Canning v. Dep't of State, No. 2018 WL 5281905 (D.D.C. Oct 24, 2018) (Moss, J.)
Re: Request for certain records concerning a program study
Disposition: Granting ion part and denying in part defendant's motion for summary judgment; denying plaintiff's cross-motion for summary judgment
- Litigation Considerations, Adequacy of Search: "The Court thus concludes that the Department's search for records responsive to [plaintiff's] FOIA request was adequate and that the Department, accordingly, is entitled to summary judgment on this issue." The court explains that defendant's declarations adequately described the search terms, search timeframe, and search locations.
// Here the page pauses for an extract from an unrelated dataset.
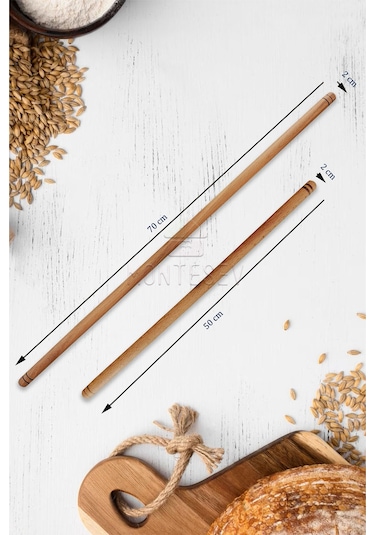 Zambak Serisi Ahşap Hamur Açma Oklavası Merdanesi Börek Seti 6 Lı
- Exemption 1: "The Court concludes that the Department has satisfied the requirements of Executive Order 13562 regarding the post-request classification of responsive records for all but four of the withheld records." "As to those four, the Department has not yet shown that it complied with Executive Order 13562, and thus has not shown that those documents were properly withheld." The court relates that "Plaintiffs challenge the withholding of documents, or portions thereof, that were classified after they submitted their FOIA request." The court relates that, "with respect to records that are classified after the agency receives a FOIA request, Executive Order 13526 permits classification only if three conditions are satisfied: (1) the records must otherwise meet the requirements for classification, (2) the classification must be 'accomplished on a document-by-document basis,' and (3) that review must occur either (a) 'with the personal participation' of 'the agency head, the deputy agency head, or the senior agency official designated under' the Executive Order or (b) 'under the direction' of one of those three officials." The court finds that "[t]here is no support, moreover, for the Canning Plaintiffs' contention that FOIA or Executive Order 13526 imposes the further requirement that, if an agency does not classify a record until after it receives a FOIA request, the agency must not only explain the basis for its classification decision but must also explain 'what changed.'" "The Court is not convinced, however, that the Department has carried its burden with respect to the four records that [the Under Secretary] reviewed pursuant to the March 23, 2016 notice." "There is no evidence that the Under Secretary was aware that the four records were subject to reclassification; there is no evidence that he had the opportunity to express a contrary view; and there is no evidence he guided, managed, or supervised [the Under Secretary] review in any way, beyond merely assigning the review responsibility to him."
- Exemption 5, Deliberative Process Privilege: "Having reviewed the Vaughn index and the parties' pleadings, the Court concludes that the Department has carried its burden of showing that it properly invoked Exemption 5 with respect to all of the withheld material, with the exception of the three 'draft' letters to King Abdullah." The court relates that, "[a]ccording to the Department, the withheld material 'is pre-decisional and deliberative with respect to the final determination on the content of the letter,' and its release 'would impede the ability of responsible executive branch officials to formulate' policy 'by inhibiting candid discussion and the expression of recommendations and judgments regarding future courses of action.'" "The Court concurs in the assessment that a draft document proposing how to define terms used in a presidential national security directive lies at the core of the deliberative process privilege." "The Court is, once again, persuaded that draft memoranda, which address 'whether and how to provide support' to foreign governments, lie at the core of the privilege." "On the present record, however, the Court cannot discern what significance the Department attaches to the word 'draft,' and, to the extent it intends to distinguish between 'drafts in form' and 'drafts in substance,' the Department has not briefed any of the potentially relevant legal issues." "It may be that the documents were drafts, both as a matter of 'form' and 'substance.'" "It may be that the President had yet to sign off on the documents, and that the Department contends that a recommendation that is ultimately approved remains a recommendation until finally and formally approved." "Or it may be that the Department takes the view that a pre-decisional, presidential recommendation does not lose its exempt status, even after the President formally adopts the recommendation without modification."